Data Fusion Join Rules

This applies to: Visual Data Discovery

Data fusion joins are key to the success of your attempts to fuse data. So they must adhere to the rules described in this section.

You can explicitly specify the type of join that occurs for fusion: inner join, left outer join, or full outer join. Right outer joins are not supported. The join type can be selected for each pair of mapped fields in a join condition.

The following diagram depicts the relationship between the data entities you include in a Fusion data source and the join definitions and join conditions (mappings) you define in a Fusion data source.

The following rules must be adhered to for data fusion joins:

  1. Joins are processed in the order in which they are specified in the UI. This affects the resulting data and the performance of the join.

  2. Only a single join definition is allowed between two data entites. The join definition can contain multiple join conditions (mappings), previously called forms. Each mapping must contain exactly two fields. The fields used in the mapping must be of the same type and should contain the same kind of data.

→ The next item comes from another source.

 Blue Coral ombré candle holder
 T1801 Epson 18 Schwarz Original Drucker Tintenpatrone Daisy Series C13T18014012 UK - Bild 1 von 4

    If there are more than two data entities in a Fusion data source definition, a single join definition can be specified for each unique combination of the included data entities. For example, if you have four data entities in your Fusion data source definition (sources A, B, C, and D), you can specify six join definitions, one each for these data entity combinations: A+B, A+C, A+D, B+C, B+D, and C+D.

  3. Every data entity in a Fusion data source must be connected to at least one other data entity in the fused source. The data entities in a Fusion data source must be interconnected in some way.

    For example, if you have four data entities (A, B, C, and D) in your Fusion data source definition, you cannot define only a join between sources A and B and a second join between entities C and D. In addition, all the data entities must be connected in some way to one of the others. So the following join sequence would be correct because every data entity is included: A+B, B+D, D+C. However, the following join sequence would be incorrect because data entity C is entirely omitted: A+B, A+D, B+D.

  4. Each subsequent join in the Fusion data source configuration must use a data entity from one of the previously defined joins.

    For example, if you have four data entities (A, B, C, and D) in your Fusion data source definition, if a join between entities A and B is the first join defined, the second join defined for the fused source must include either entity A or entity B and one of the other entities (C or D). So the following join sequence would be correct: A+B, B+D, D+C. However, the following join sequence would be incorrect because entity C and D are introduced before they have been linked to either entity A or entity B: A+B, D+C, B+D.

  5. The data in mapped time fields must have the same granularity. Symphony assumes that the granularity of a time field correctly matches the granularity of its data. For example, if one time field contains data in days and another time field contains data in seconds, they cannot be joined. The only way to join these two time fields would be to modify the granularity of the underlying data in the data store.